The quality check of raw short-read data for every individual was performed using the FastQC v0.11.9 program (Andrews 2010) in three successive steps. In the first step, per-base and per-sequence quality was checked directly after sequencing; in the second step, after trimming bad quality bases from the 3´ and 5´ end; and in the third step, at sequence processing (whole read filtering). In each step, the 176 produced reports were combined and collectively evaluated with the MultiQC v1.14 program (Ewels et al. 2016), which allows for the effective simultaneous evaluation of large numbers of FastQC reports (Fig. SI2). Since the raw data was consistent with standard Illumina run in every quality control step, its quality was high enough for further processing (Kircher et al. 2011).

Applications

Although reduced representation technologies (such as RAD-seq) are becoming widely available, high-resolution datasets are still considered rare, particularly for forest tree species without reference genomes. The number of studies based on genome-wide SNP data is increasing in oak genetics, though mainly for white oaks. This dataset delivers highly polymorphic SNP markers for Turkey oak belonging to the group of Old World oaks for the first time. In addition, the sampling area affected the genetically highly diverse but scarcely studied Pannonian and Balkan regions. Since this dataset was generated in the same way as the recently published SNP dataset of sessile oak (Tóth et al. 2021) covering the same geographic regions, there is a unique opportunity for the comparative study of the two genetically relatively distant oak species.

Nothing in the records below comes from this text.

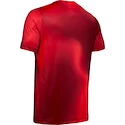 Under Armour HG Rush Fitted SS gedruckt rot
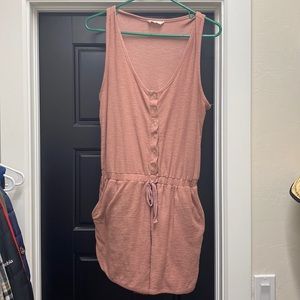 Mauve romper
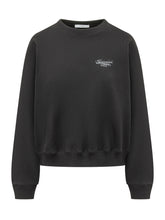 GIVENCHY - Crewneck Sweatshirt With Graphic Print - Black - LIDIASHOPPING® - Official Website
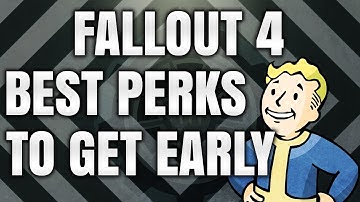 Fallout 4 - Best Perks to Get Early - Assassin Stealth Character Build Guide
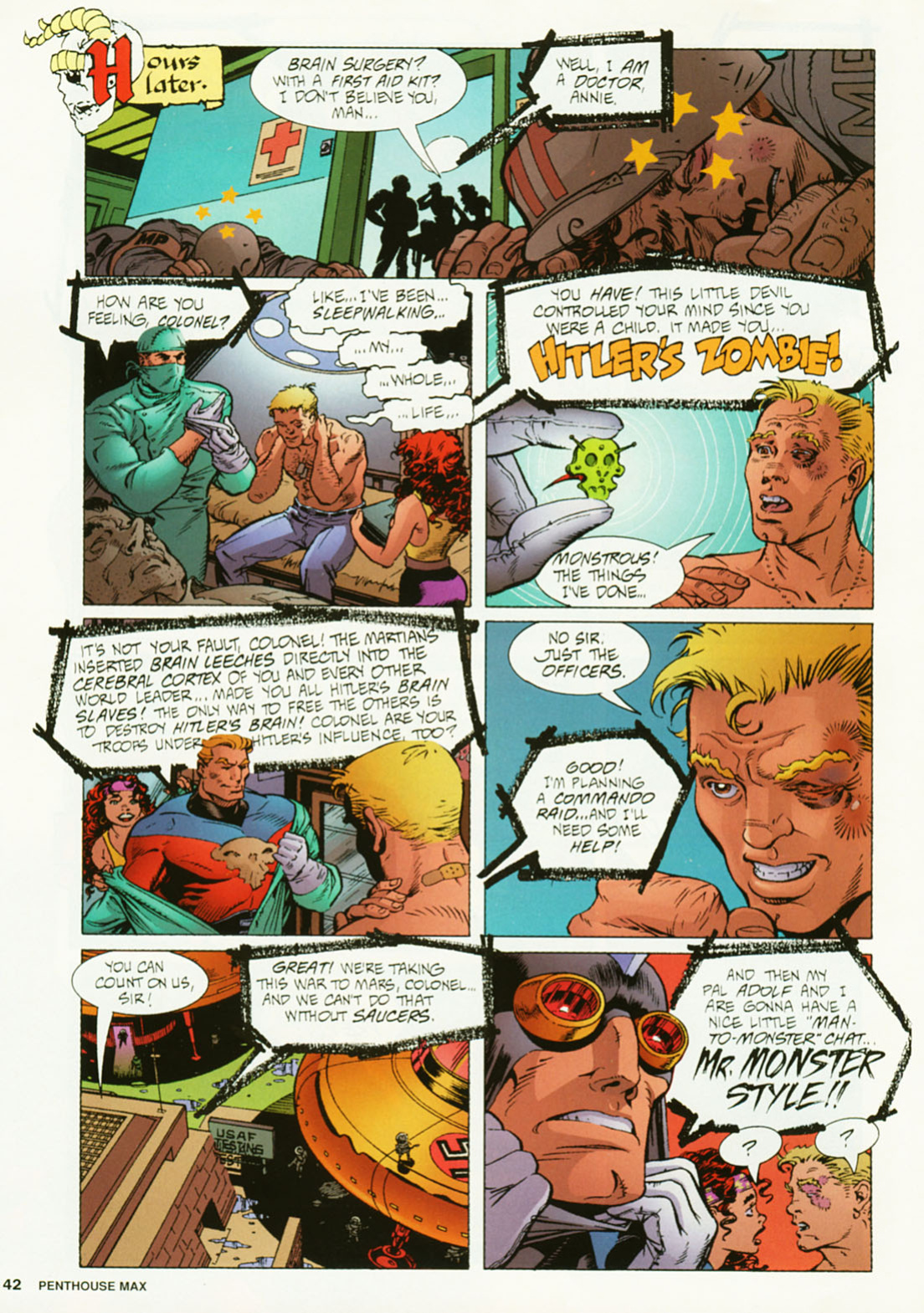 Penthouse Comix MAX 03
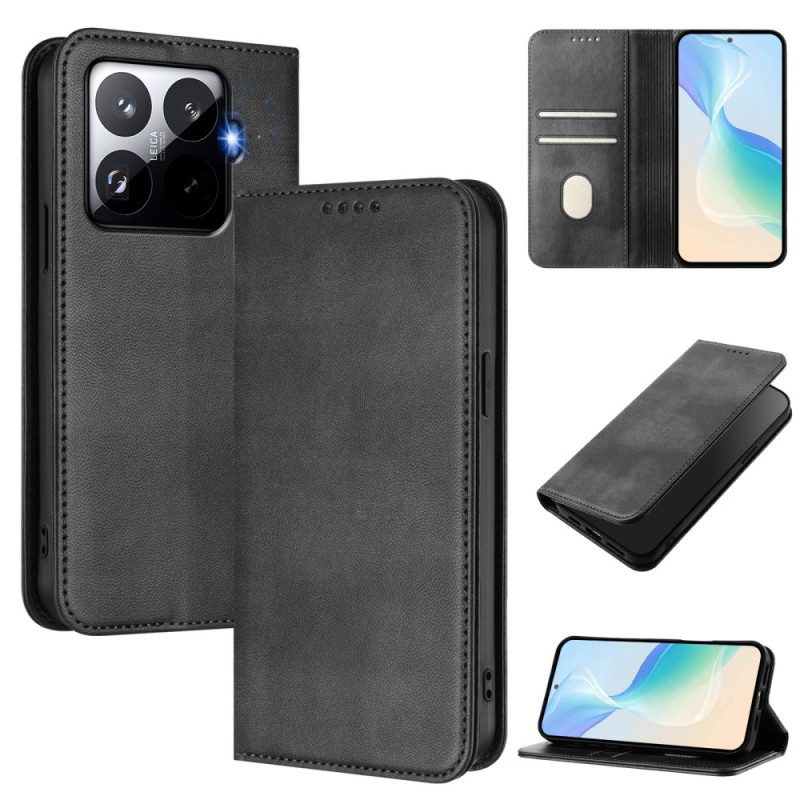 Flip Case Für Xiaomi 15t Pro Retro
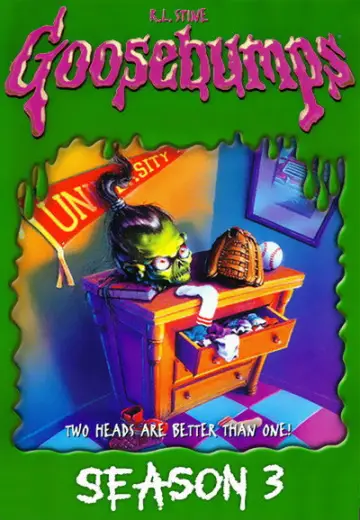 Poster for the TV series "Goosebumps" #1697503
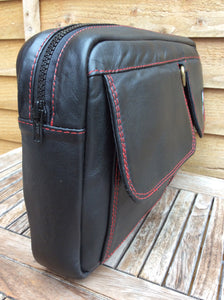 ITALIAN LEATHER GLOVE BOX BAG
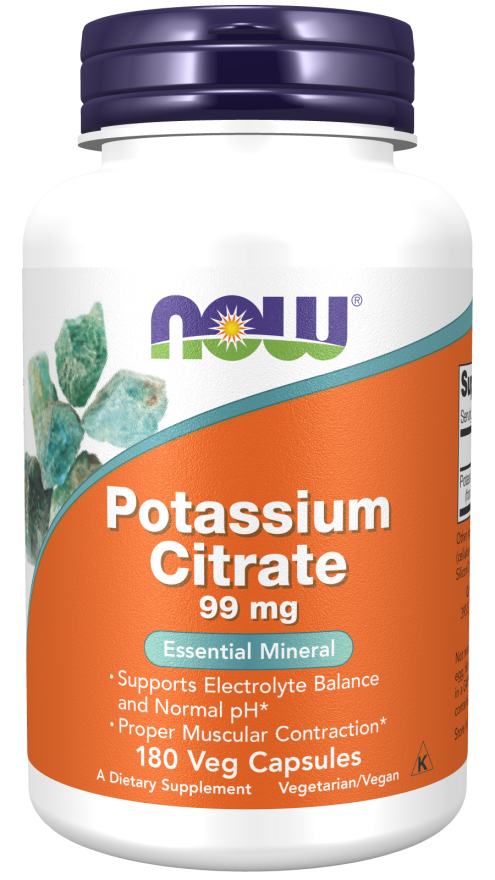 Image of Potassium Citrate 99mg 180caps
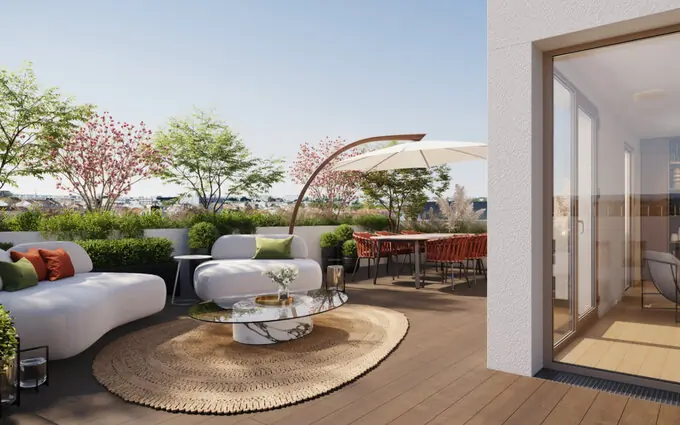 Programme immobilier neuf Lumine&sens 2 à Fontenay-sous-Bois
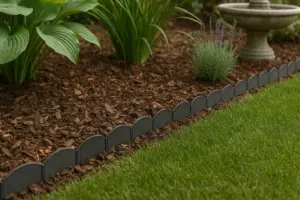 Bordure decorative e pacciame insieme: l’abbinamento che semplifica la manutenzione
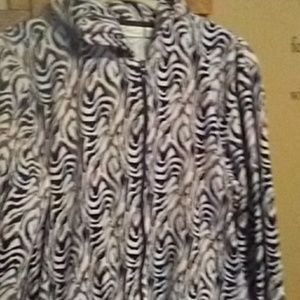 Velour jacket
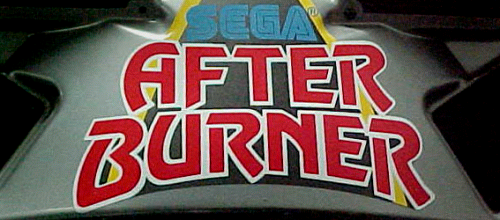 After Burner Marquee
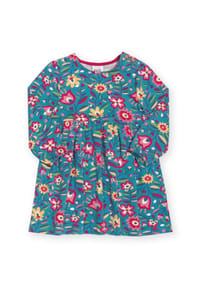 KITE - Kinder Folksy Bloom Kleid Bio-Baumwolle - mehrfarbig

For a preliminary population genetic overview basic descriptive indices were computed by using packages “adegenet” (Jombart and Ahmed 2011), “hierfstat” (Goudet and Jombart 2022), and “poppr” (Kamvar et al. 2014) in the statistical software R (R Core Team 2022). Table 3 summarizes the within-population values of observed heterozygosity (Ho), gene diversity (Hs), and the inbreeding coefficient (Fis) following Nei (1987). The calculated indices were compared with the same values from the sessile oak dataset (Tóth et al. 2021), as no such data are currently available for Turkey oak. According to the comparison, indices of Turkey oak populations were quite similar to the values of sessile oak populations except for the Fis values, which are higher in this case. According to the calculated 95% confidence intervals for mean Fis, the inbreeding coefficient is significantly greater than zero in each population. However, note only preliminary filtering was carried out on this dataset to ensure more flexible use. Accordingly, careful filtering may needed before population genetic analysis in line with the objectives of the given study.

Table 3 Population genetic indices by populations for the de novo and reference mapped datasets (where, Ho = observed heterozygosity, Hs = gene diversity, Fis = inbreeding coefficient by Nei (1987), and CI = 95% confidence interval for mean Fis)

Using the more than 17 K de novo and 26 K reference mapped highly polymorphic SNP markers creates several opportunities to study population genetic and genomic aspects of Turkey oak. The gene flow and spatial genetic structure of populations can be investigated in depth by considering geographic locations. In addition, high-resolution SNPs enable the fine-scale study of kinship networks inside populations and hybridization. On a larger temporal scale, discovering phylogeography and mapping glacial refugia and postglacial migration routes tracking the consequences of ancient hybridization and population migration (contraction and re-expansion) events become possible. Combining the reference-mapped dataset with climatic data also gives opportunities for genome-wide association studies.

Nevertheless, we draw the attention of future users that, as with every reduced representation method generated dataset, population genetic inference taken from this dataset should also be treated with particular care since these methods (such as ddRAD-seq) often introduce biases (Arnold et al. 2013; Cariou et al. 2016). Although RAD-seq generated data may have more adverse attributes concerning phylogeny estimation (short loci, low coverage and SNP density, non-random sampling because of the polymorphisms of restriction sites), with appropriate data care, the method is suitable for phylogenetic studies as well (Cariou et al. 2013; Hühn et al. 2022).